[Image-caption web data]

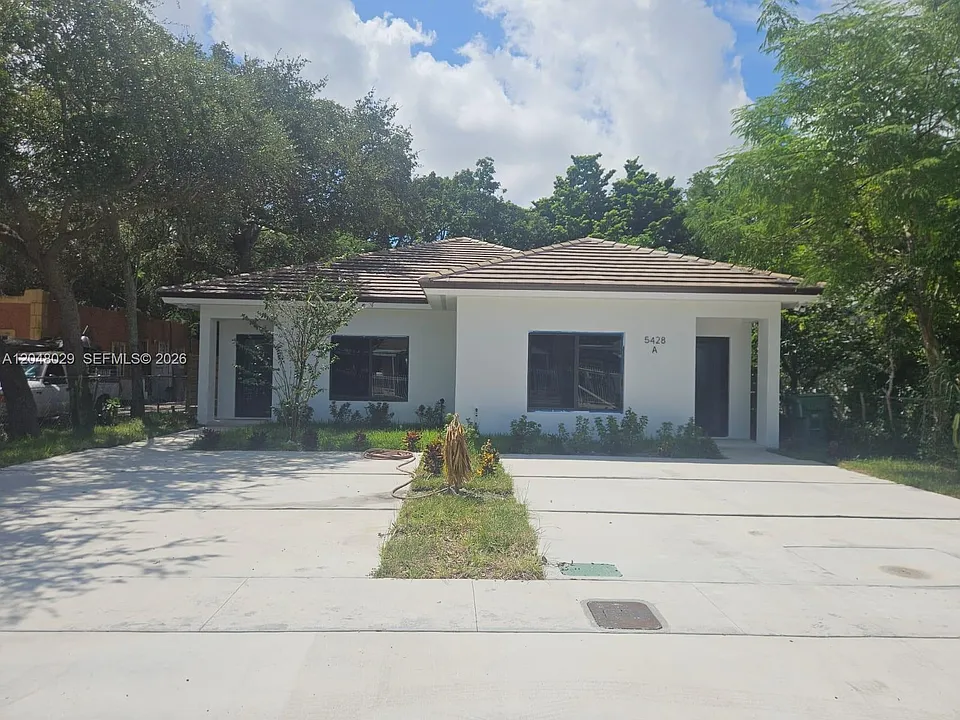 5428 NW 3rd Ave #B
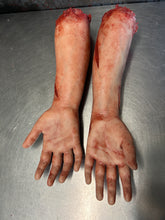 Cargar imagen en el visor de la galería, Pair of child arms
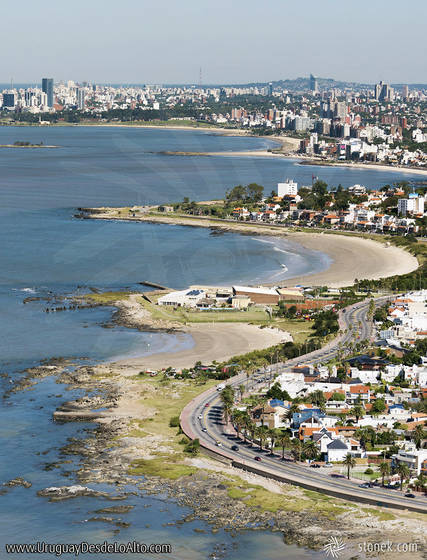 Vista aérea de la serpenteante rambla O'Higgins de Montevideo en Punta Gorda. Playas Honda y Verde. Club Náutico.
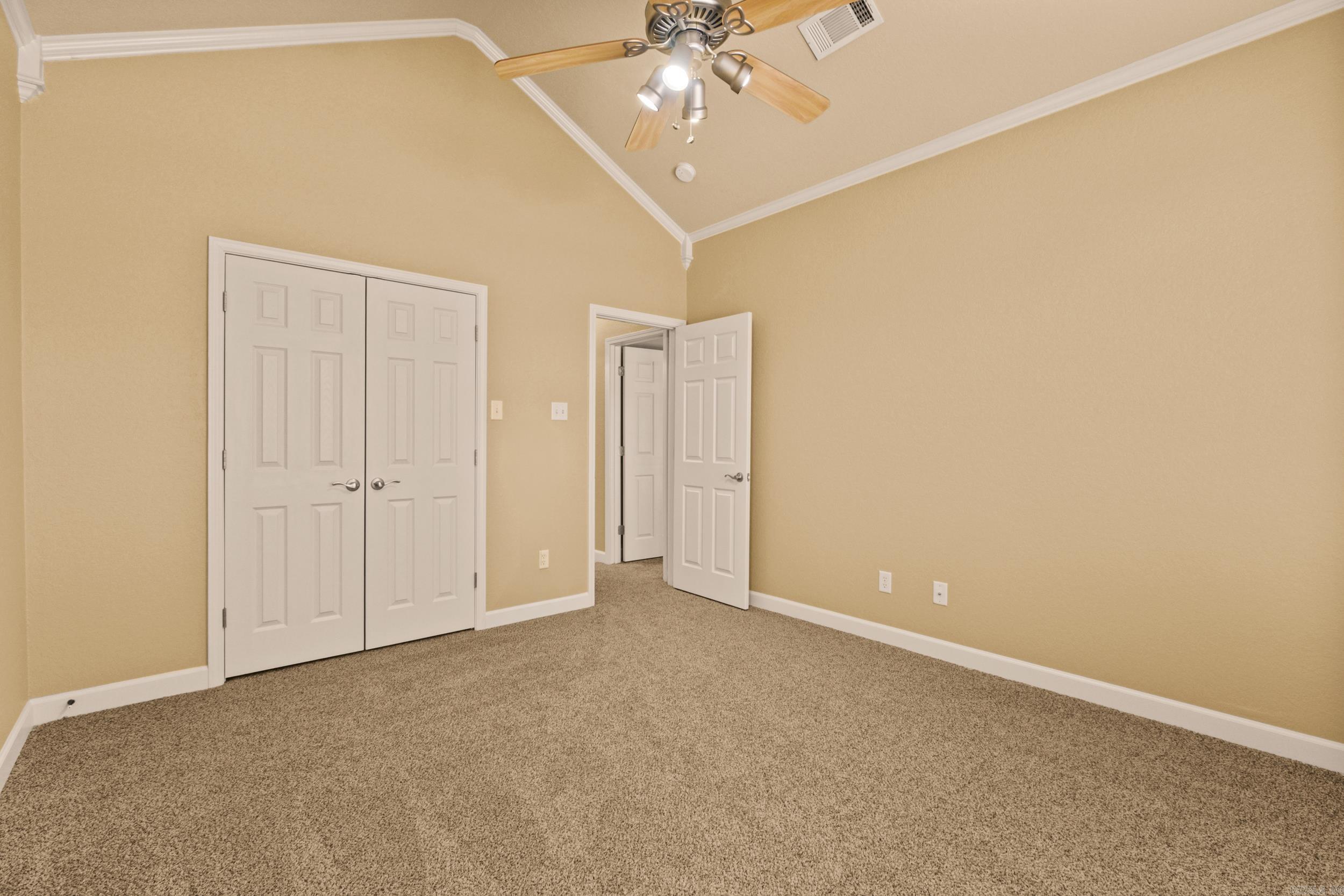 MILLERS CROSSING - Residential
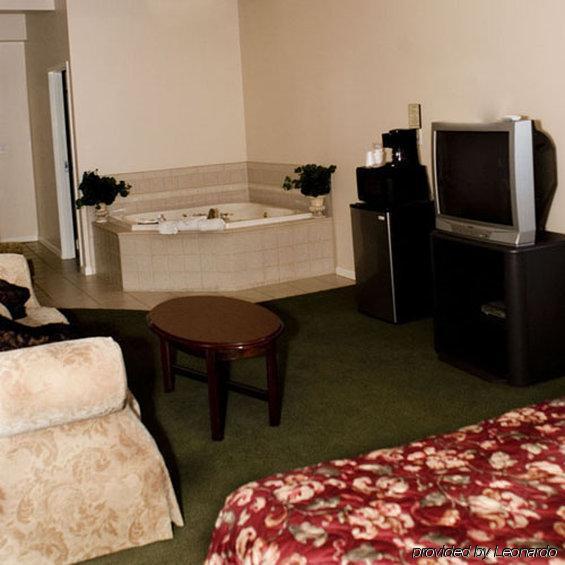 Colonie Inn And Suites Latham Esterno foto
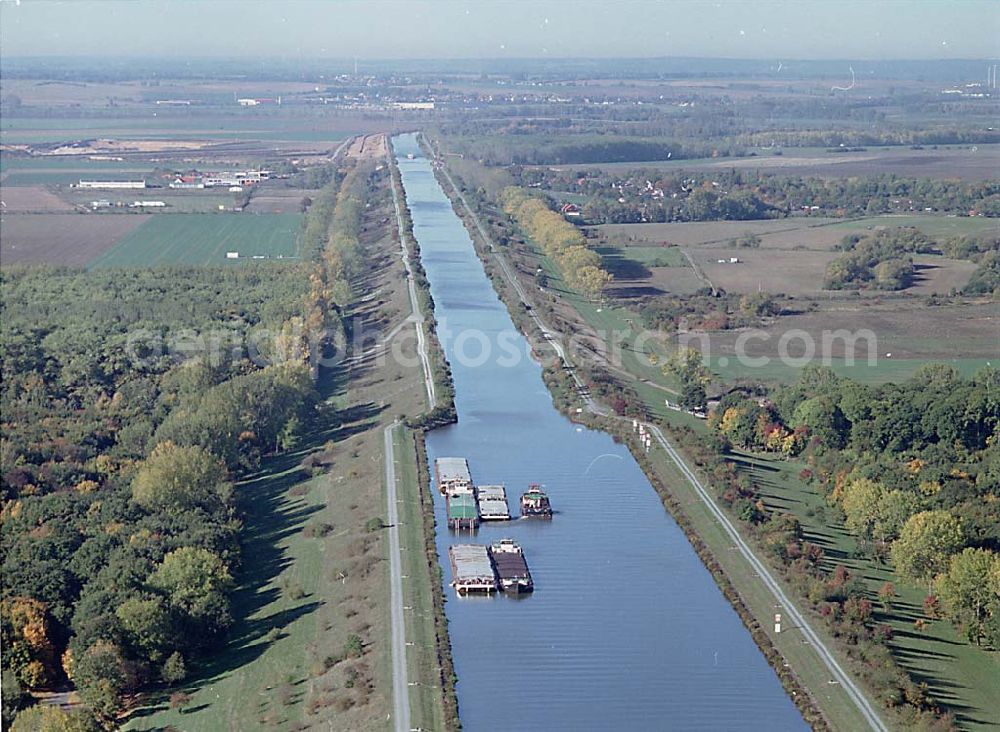 Hohenwarthe / Sachsen-Anhalt from above - 14.10.2003 Hohenwarthe / Sachsen-Anhalt Doppelsparschleuse Hohenwarthe am Elbe-Havel-Kanal am Wasserstraßenkreuz Magdeburg kurz vor der Fertigstellung 14.10.2003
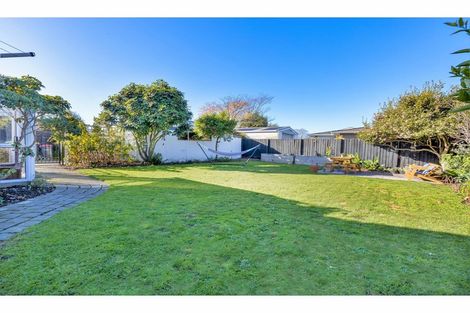 Photo of property in 257 Fifield Terrace, Opawa, Christchurch, 8023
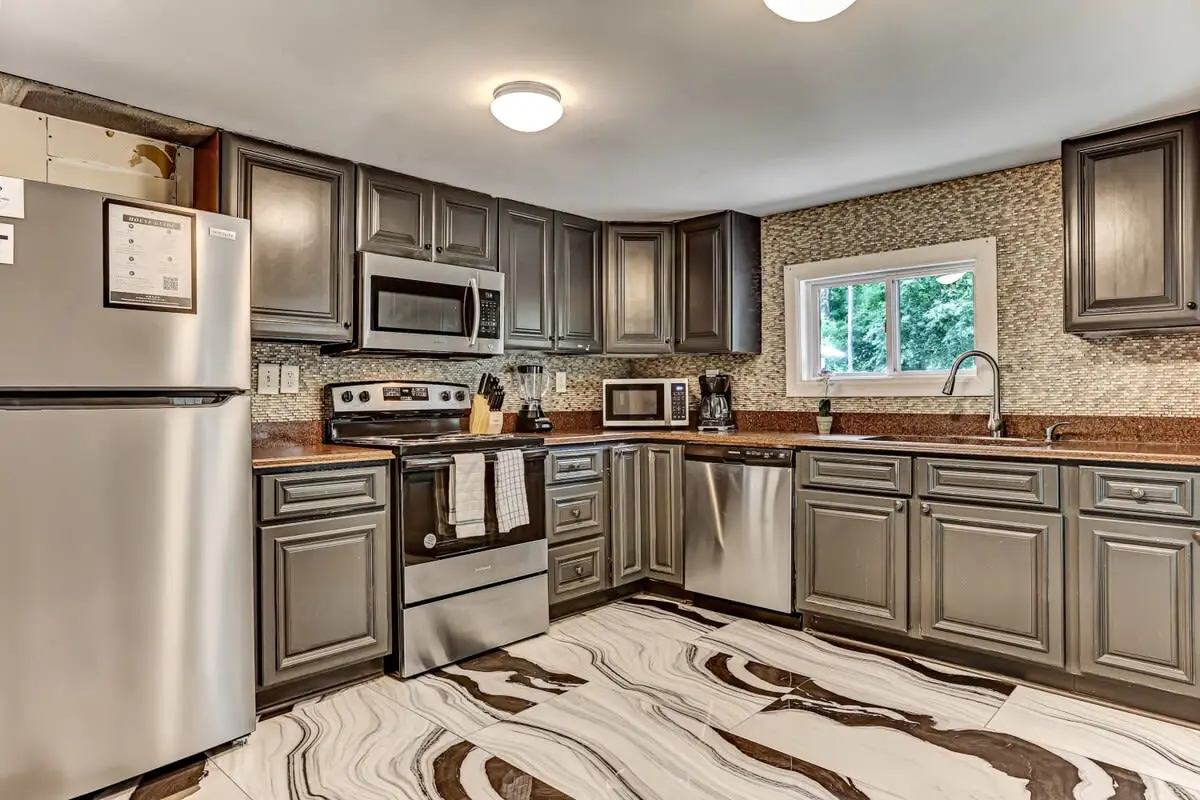 Unit A & B, 561 Mendel Ave, Savannah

## Exercise instructions
The copy should begin at the line containing "Photo of property" and end at the last line of the data above; please restate those lines word for word without the pictures.

## Task answer
 Photo of property in 257 Fifield Terrace, Opawa, Christchurch, 8023
 Unit A & B, 561 Mendel Ave, Savannah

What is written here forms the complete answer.